U.S. agency targeted by advanced spear phishing
An advanced hacking group likely compromised a foreign ministry email account and sent malware-laced email to a U.S. agency, according to Palo Alto Networks researchers.
Unspecified federal networks have been targeted in a coordinated spear-phishing attack, according to a research team at Palo Alto Networks. The group disclosed that an advanced hacking group known as the Sofacy group sent malware-laced emails to a U.S. government agency last month.
The email came from the apparently compromised email address of another country's foreign ministry and purported to be about a NATO exercise.
Palo Alto Networks is not disclosing the name of the U.S. agency, or whether an agency user ended up clicking on the attachment and executing the malware. Russian hackers have long targeted U.S. government networks – it was reportedly Russian spear phishers who breached the Joint Chiefs of Staff unclassified email network last year, leaving it hampered for two weeks.
Bryan Lee, an analyst at Palo Alto Networks, described the Sofacy group as a "bull in the china shop" in that the hackers reuse a lot of their code and sometimes don't do much to cover their tracks.
Lee and his colleagues noticed something unusual about the registry key the hackers used in the attack: it does not run a certain file automatically, but rather only when a user opens a Microsoft Office application.
"An added benefit for the threat actor to using this specific tactic for persistence is that it requires user interaction to load and execute the malicious payload, which can cause challenges for detection in automated sandboxes," Lee and a colleague wrote in a blog post.
Spear phishing is a longstanding problem at the Defense Department, and defense officials say they are penalizing DOD users who succumb to the trick emails.
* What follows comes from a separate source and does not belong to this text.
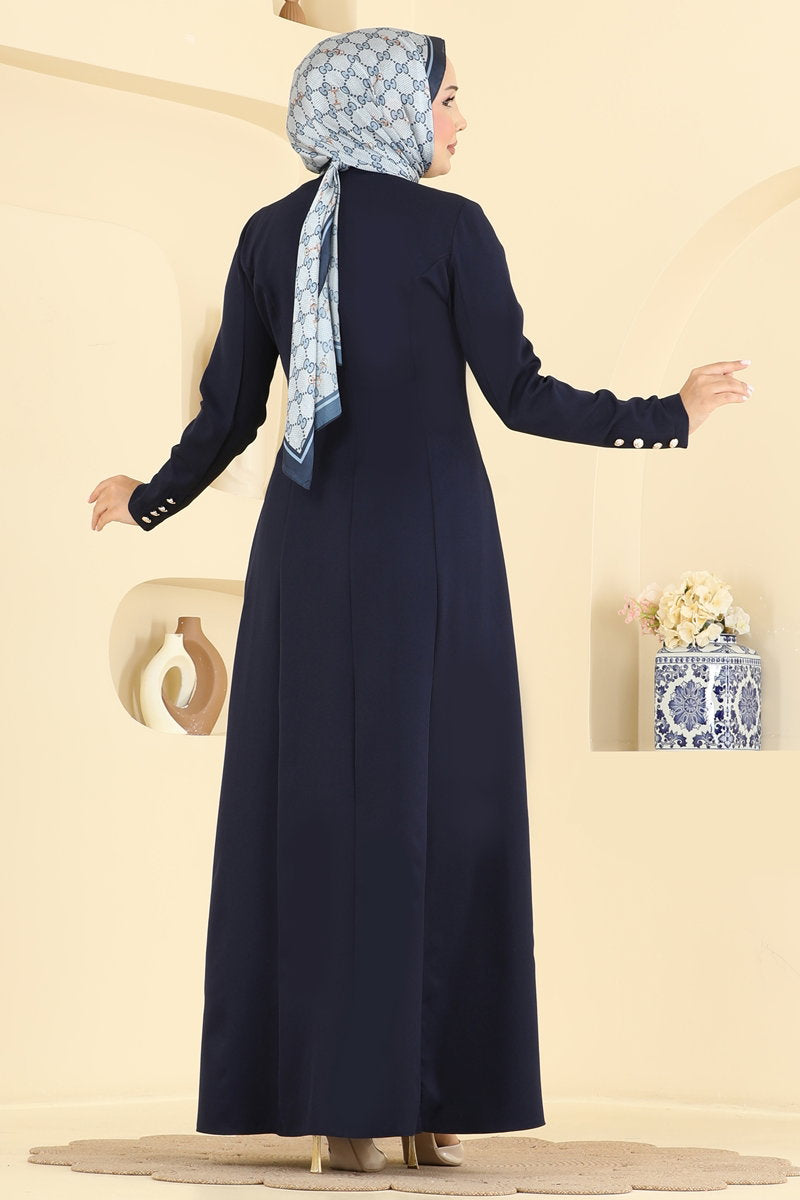 Mandarin-Collar Abaya Coat with Pockets - Navy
The department has also neutered links in emails, forcing users to copy and paste URLs.
Nonetheless, U.S. agencies – or any other organization – will likely never stamp out spear phishing altogether because of human error.
Lee sees the spear-phishing challenge as one of both people and technology, with a combination of education and software tools raising the threshold of defense against breaches. "It's just human nature that we want to trust each other," Lee said, explaining the enduring effectiveness of spear phishing.